整体而言,工作流程实现了前后端的协同工作,使得用户能够通过Web界面方便地对Ceph集群进行各种操作,而后端则通过异步任务的方式实现了高并发和复杂任务的处理。 Celery任务队列、MongoDB、Redis等组件相互协作,构成了一个高效、可扩展的自动化运维平台。
#!/usr/bin/python
# -*- coding: utf-8 -*-
# auto: mmwei3
# date: 2023/08/25
import os
import re
from datetime import datetime
from pymongo import MongoClient, UpdateOne
from celery import current_task, Celery
from celery.result import AsyncResult
from utils.ceph_util import CephUtils
from logger import get_logger
from utils.send_sms import SendSms
from scheduler import app
class Config:
"""
Configuration class to manage settings.
"""
def __init__(self):
self.logger = get_logger()
self.ceph = CephUtils(config_file='/home/ceph_manager/middleware/config/ceph.yaml')
file_path = os.path.abspath(os.path.join(os.path.dirname(__file__), "../config/common.yaml"))
with open(file_path) as f:
self.config = yaml.safe_load(f)
self.uri = self.config["mongodb"]["mongodb_uri"]
self.sms = SendSms(config_file='/home/ceph_manager/middleware/config/monitor.yaml')
def extract_number_from_string(self, s):
match = re.search(r'@(\d+)', s)
return int(match.group(1)) if match else None
config = Config()
def log_result(func):
"""
Decorator to log task results and insert them into MongoDB.
Args:
func (callable): The function to be decorated.
Returns:
callable: The wrapped function.
"""
def wrapper(*args, **kwargs):
result_message, effect = func(*args, **kwargs)
mgdb = MongoClient(config.uri).ceph
task_id = current_task.request.id
result_obj = AsyncResult(task_id)
task_status = result_obj.status
config.logger.info(f"Task ID {task_id} status: {task_status}")
cluster_name, cluster_cname = config.ceph.cluster_name, config.ceph.cluster_cname
mg_data = {'status': 1, 'create_time': datetime.now().strftime("%Y-%m-%d %H:%M:%S"),
'name': 'cluster_capacity_auto', 'result': result_message, 'task_id': task_id,
'is_effect': effect, 'task_status': task_status, 'cluster_name': cluster_name,
'cluster_cname': cluster_cname, 'task_type': 'Automatic Processing',
'uname': 'Capacity Threshold Automatic Processing Scene'}
mgdb.tasks.insert_one(mg_data)
config.logger.info(result_message)
return result_message
return wrapper
@log_result
def insert_osd_pool(osd_name, osd_reweight):
"""
Insert OSD pool data into MongoDB.
Args:
osd_name (str): Name of the OSD.
osd_reweight (float): Reweight value of the OSD.
"""
target_osd_reweight = float(osd_reweight / 1.5)

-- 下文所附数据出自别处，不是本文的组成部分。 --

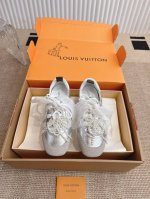 代购级 配饰20 Louis Vuitton 春夏 Sneakerina系列运动鞋 德训鞋 平底鞋休闲鞋 顶级版本Sneakerina Lv 休闲运动鞋以丝滑绒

mgdb = MongoClient(config.uri).ceph
data = {'status': 1, 'create_time': datetime.now().strftime("%Y-%m-%d %H:%M:%S"), 'name': osd_name,
'crush_weight': osd_reweight, 'target_osd_reweight': target_osd_reweight,
'oid': config.extract_number_from_string(osd_name)}
update_operation = UpdateOne({'name': osd_name}, {'$set': data}, upsert=True)
result = mgdb.stop_osd_pool.bulk_write([update_operation])
if result.upserted_count > 0:
config.logger.info(f"Inserted OSD pool data for osd_name: {osd_name}")
else:
config.logger.info(f"OSD pool data for osd_name: {osd_name} already exists. Skipping insertion.")
@app.task
@log_result
def cluster_capacity_auto():
"""
Automatic processing of storage cluster capacity.
Returns:
tuple: A tuple containing the result message and the effect flag.
"""
cluster_status = config.ceph.get_cluster_status()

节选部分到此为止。